ADVANCED MACHINE LEARNING Canale unico

Docente coordinatore e verbalizzante: FABIO GALASSO

Docenti

Obiettivi formativi

General objectives:
The course will present to students advanced and most recent concepts of machine learning and their application in computer vision via deep neural network (DNN) models. It will include theory and practical coding, as well as a final hands-on project. Towards the coding assignments and the final project, the students will work in teams and present their ideas and project outcome to the class.

Specific objectives
The first part of the course includes delving into state-of-the-art DNN models for classification and regression applied to detection (where the objects are in the image), pose estimation (whether people stand, sit or crunch) and re-identification (estimating a unique vector representation for each person). The course further discusses DNNs for multi-task objectives (joint detection, pose estimation, re-identification, segmentation, depth estimation etc). This first part would include DNNs which apply to video sequences, by leveraging memory (e.g. LSTMs) or attention (Transformers).
The second part of the course delves into models, training techniques and data manipulation for generalization, domain adaptation and meta-learning. Further to transfer learning (how pre-trained models may be deployed for other tasks), it discusses multi-modal (with different sensor modalities such as depth or thermal cameras) and self-supervision (e.g. training the DNN model by solving jigsaw puzzles) to auto-annotate large amounts of data. Finally, it presents domain adaptation (e.g. apply daytime-detectors for night vision) and meta-learning, a most recent framework to learn how to learn a task, e.g. online or from little available data.

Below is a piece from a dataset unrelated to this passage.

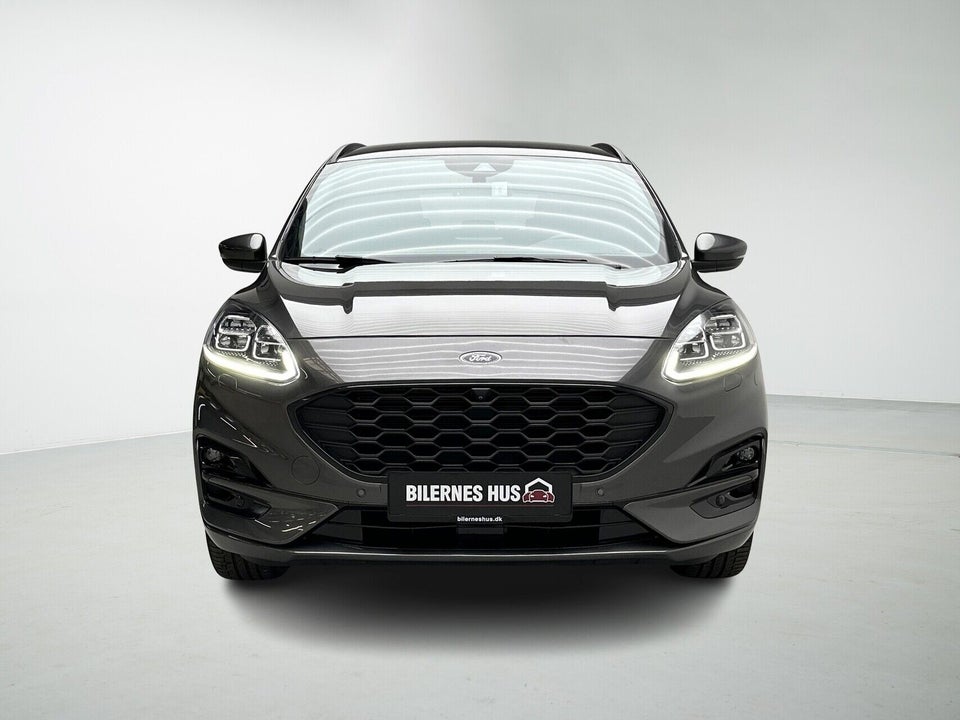 Ford Kuga 2,5 PHEV ST-Line X CVT 5d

Knowledge and understanding:
At the end of the course students will be familiar with state-of-the-art DNN models for multiple tasks and multi-task objectives, as well as generalization and the effective use of labelled and unlabelled data for learning, self-supervision and meta-learning.

Apply knowledge and understanding:
At the end of the course students will have become familiar with the most recent advances in machine learning across a variety of tasks, their adaptation to novel domains and the continual self-learning of algorithms. They will be able to explain the algorithms and choose the most appropriate techniques for a given problem. They will be able to experiment with existing implementations and design and write programs for new solutions for a given task or problem in the two fields.

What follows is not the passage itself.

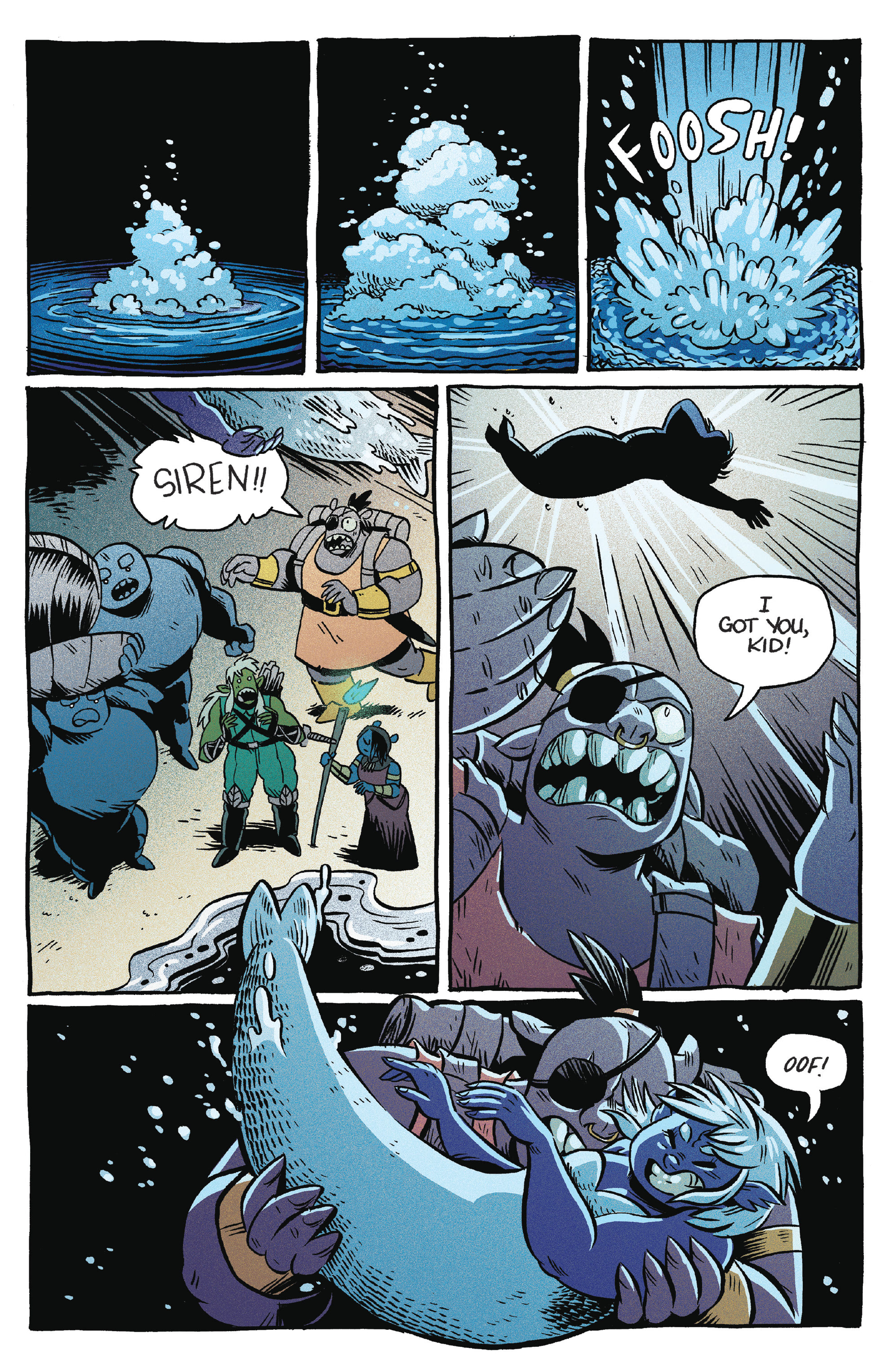 ORCS! (2021-) issue 5 - Page 37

Critical and judgment skills:
Students will be able to analyse a problem or task and identify the most suitable methodologies and techniques to apply in terms of the effective resolution of the problem (accuracy) and its feasibility, including the efficiency, the required amount of data and annotation. Further to class discussions, critical and judgemental skills would be the result of assignments, a course project and a final project report.

Communication skills:
Students will acquire the ability to expose their knowledge in a clear and organized way, which will be verified through a final project presentation and its discussion.
Students will be able to express their solutions rigorously and to explain the structure of the code they have written.

Learning ability:
The acquired knowledge will enable students to face the study of other problems in machine learning and computer vision. Learning ability would result from the chosen lecture topics, covering most broad areas in advanced machine learning, as well as from the final project, for which students would deep dive into a new topic, beyond the thought material.

Risultati di apprendimento attesi

General objectives:
The course will present to students the advanced and most recent concepts of machine learning and their application in computer vision via deep neural network (DNN) models. It will include theory and practical coding, as well as a final hands-on project. Towards the coding assignments and the final project, the students will work in teams and present their ideas and project outcome to the class.

Specific objectives
The first part of the course includes delving into state-of-the-art DNN models for classification and regression applied to detection (where the objects are in the image), pose estimation (whether people stand, sit, or crunch), and re-identification (estimating a unique vector representation for each person). The course further discusses DNNs for multi-task objectives (joint detection, pose estimation, re-identification, segmentation, depth estimation, etc). This first part includes DNNs that apply to video sequences, by leveraging memory (e.g. LSTMs) or attention (Transformers).
The second part of the course delves into models, training techniques, and data manipulation for generalization, domain adaptation, and meta-learning. Further to transfer learning (how pre-trained models may be deployed for other tasks), it discusses multi-modal (with different sensor modalities such as depth or thermal cameras) and self-supervision (e.g. training the DNN model by solving jigsaw puzzles) to auto-annotate large amounts of data. Finally, it presents domain adaptation (e.g. apply daytime-detectors for night vision) and meta-learning, a most recent framework to learn how to learn a task, e.g. online or from little available data.

Knowledge and understanding:
At the end of the course, students will be familiar with state-of-the-art DNN models for multiple tasks and multi-task objectives, as well as generalization and the effective use of labeled and unlabelled data for learning, self-supervision, and meta-learning.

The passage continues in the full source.